Sandra and Fiona, my Singaporean food mentors! ; Sandra's herb garden including pandan leaves, fresh kaffir lime, and laksa herbs

There are lots of the above mentioned hawker centres dotted around Singapore. Many of them house a mixture of all types of cuisine but depending on the area can have a more Malaysian, Chinese or Indian influence. My favourite was Geylang Serai which had a high concentration of Malaysian muslim food stalls.
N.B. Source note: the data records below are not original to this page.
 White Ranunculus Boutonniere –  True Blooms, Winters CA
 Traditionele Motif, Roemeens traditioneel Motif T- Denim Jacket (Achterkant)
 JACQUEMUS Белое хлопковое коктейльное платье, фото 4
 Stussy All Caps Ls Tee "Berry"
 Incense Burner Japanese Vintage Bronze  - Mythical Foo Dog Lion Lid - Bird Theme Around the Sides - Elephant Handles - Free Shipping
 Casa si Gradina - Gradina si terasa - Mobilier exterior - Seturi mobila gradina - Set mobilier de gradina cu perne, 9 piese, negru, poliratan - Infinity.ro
Like Thai food Malaysian food is a delicate balance of salty, sweet, sour and savoury. It also relies heavily on fragrant herbs such as laksa, pandan leaves lemongrass and kaffir limes leaves (hence Sandra having her own herb garden). Fresh spices are used more than dried and common spices ones include galangal, tamarind, garlic, ginger, lots of chilli, turmeric, and a special type of lime called a calimansi (which tastes a bit like a cross between a lime and a clementine). Belechan (dried shrimp paste) along with fish sauce and various size dried shrimps and fishes provides the savoury, unami element to Malaysian dishes. Peranakan cuisine has many dishes in common with Malaysian cuisine

 
A Malay/Indonesian dish of Assam Fish (fish cooked with okra in a sour tamarind sauce) ;
Nasi Lemak (rice cooked in coconut milk served with an array of sides - including the black stuff at the bottom of the plate which is deep fried lung!)
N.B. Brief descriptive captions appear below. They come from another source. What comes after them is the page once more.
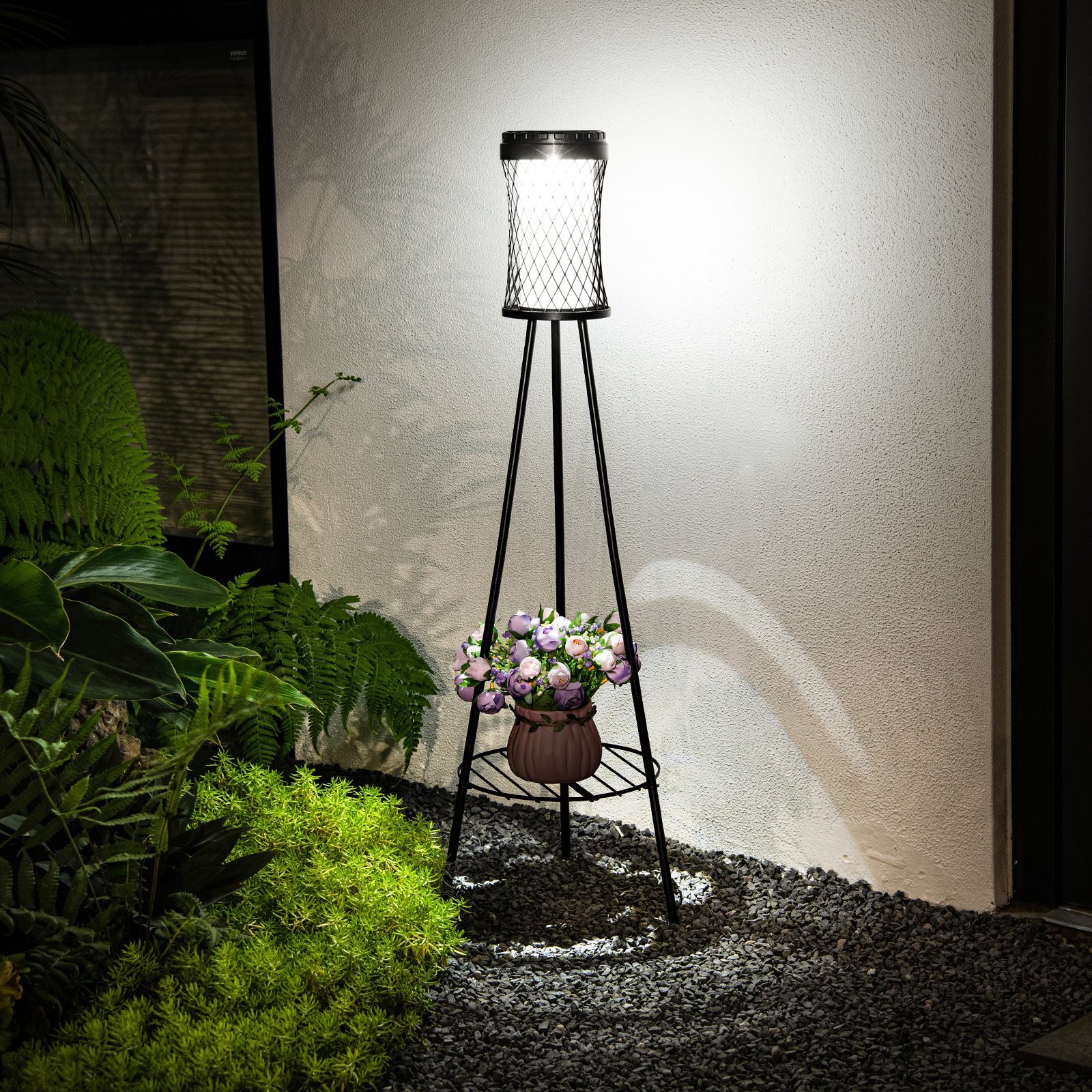 Solar floor lamp with plant stand – floor lamp design – twisted waist white light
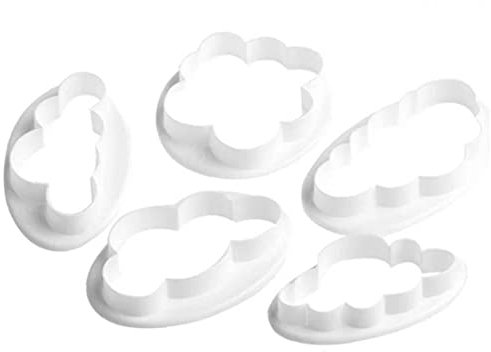 5pcs / Set Ausstechformenset Wolke Form 3D Printed Fondant Ausstecher-biskuit-Form Für Kuchen, Der Werkzeuge Weiß
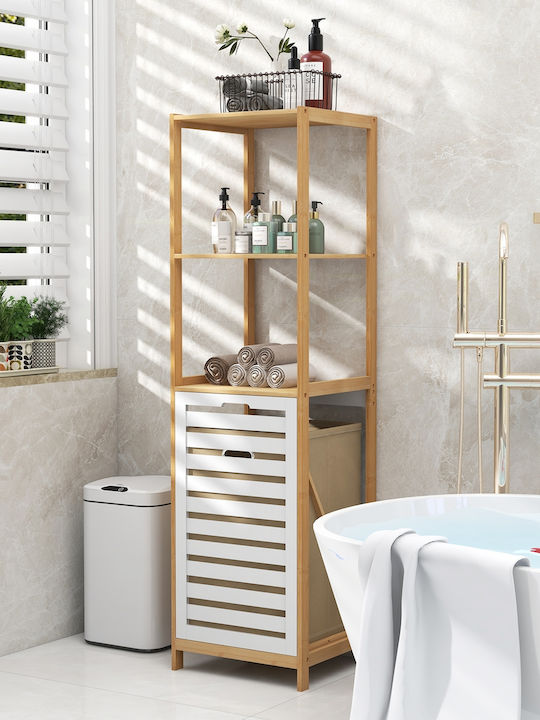 Costway Καλάθι Απλύτων Bamboo Λευκό
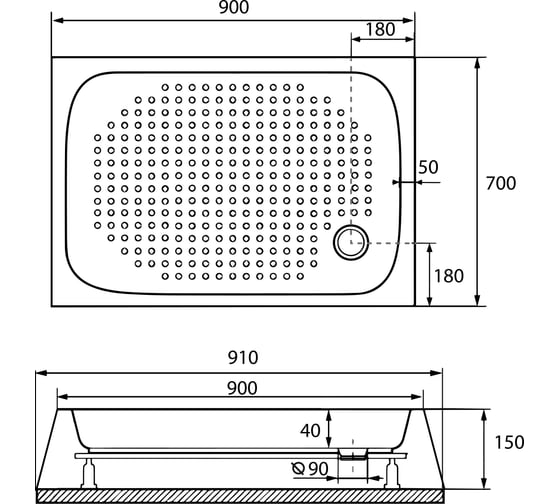 Душевой поддон RGW 70x90 LUX, TN прямоугольный, диаметр 90 мм литой 16180279-21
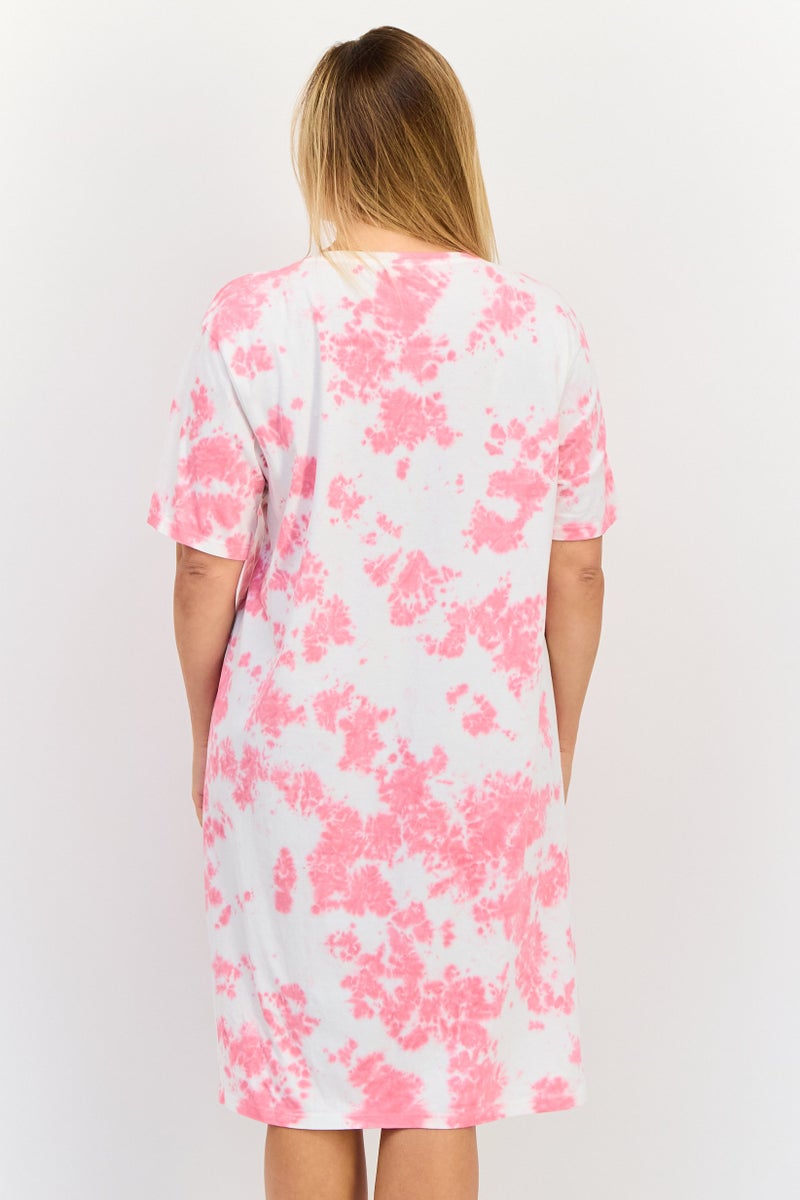 zivame Women Tie Dye Short Sleeves Sleeping Dress, Multicolor - Image 4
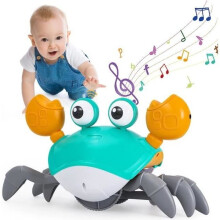 Interactive LED crab for babies 1 year old, musical toy for babies 6, 9, 12 and 24 months old, gift for boys and girls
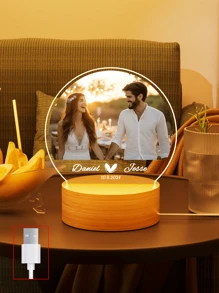 Bingkai Foto Akrilik Berbentuk Hati dengan Lampu Malam, Lampu Malam Foto Kustom untuk Hadiah Ulang Tahun Pernikahan Pasangan, Lampu Neon untuk Dekorasi Rumah dan Kamar, Lampu Hias - Catat nama bulat 5mm + tanggal - View 6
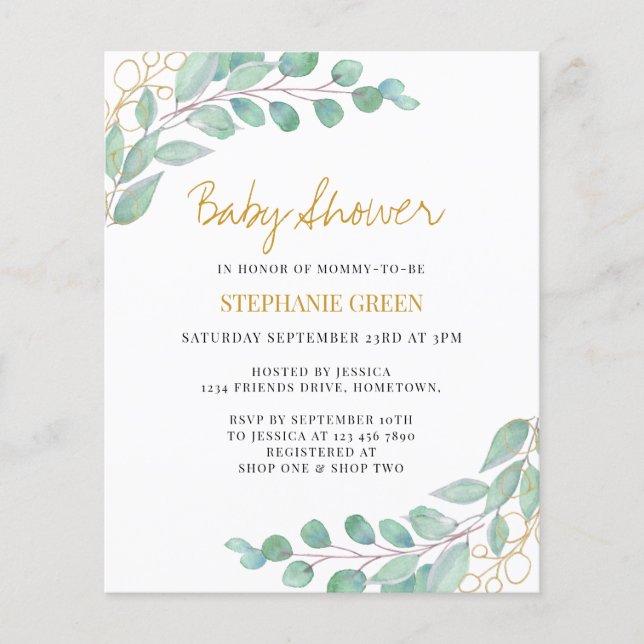 Budget Eucalyptus Baby shower vert Invitation (Devant)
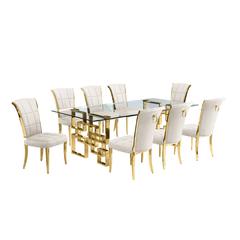 9-piece glam dining set with 8 cream chairs and a 95" long glass  table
Possible side dishes to go with your rice (all freshly made in the morning). The top shelf is fried goodies - fish, lung, potato cakes. Next row various vegetable dishes including tempahin chilli sauce. Bottom row is different curried dishes and sambals

 
Singapore Laksa from the shop that beat Gorden Ramsay in a Hawker challenge ; Rojak - pineapple, cucumber, fried tofu topped with tamarind sauce and peanuts

And so onto the Chinese food! Chinese food uses much less spice than Malaysian but there's still plenty of delicious treats to choose from. Plus the Chinese food from Singapore tends to have been tweaked a little to appeal to the locals tastebuds - nearly every dish comes with a side of chilli sambal!

  
The chef who cooked the duck rice and wouldn't tell me his secret sauce recipe (the ducks are immersed and cooked in a sauce made from soy soy, sugar and various fragrant herbs and spices. The same sauce has been on the go for 30 years and keeps improving every day!)

 
One of the most famous hawker foods - Hainanese Chicken Rice Set (poached chicken served with rice cooked in chicken stock, the chicken broth, steamed greens, ginger sauce and chilli sauce). Look out for this one as a spring world kitchen kit next year! ; Hokkien Mee - a mixture of rice vermicelli and egg hoodles (traditionally fried in pork fat) served with kalimantan and chilli sambal

Miscellaneous food! Misc food no. 1 -  Kaya - this is a 'jam' made from coconut, eggs and sugar that's flavoured with fresh pandan leaves and served for breakfast spread over thickly buttered white toast. Sandra showed how to make it, it's kind of like making a thick sugary custard. Misc food no. 2 - Durian - I've heard many good and bad things about this infamous South East Asian fruit which you can now buy in the UK. It's a large spiky fruit sold on street side stalls with a soft inside that's eaten in various stages of ripeness, it smells pretty bad (it's banned from being carried on public transport in Singapore). I wasn't brave enough to go for the full on fruit experience so went for durian ice cream (tasty) and a durian puff instead (not so tasty). I think the puff was more in line with the actual taste of the fruit - somewhere in between an over-ripe mango and raw onion with a hint of cigarette ash is how I'd describe it. Each to their own!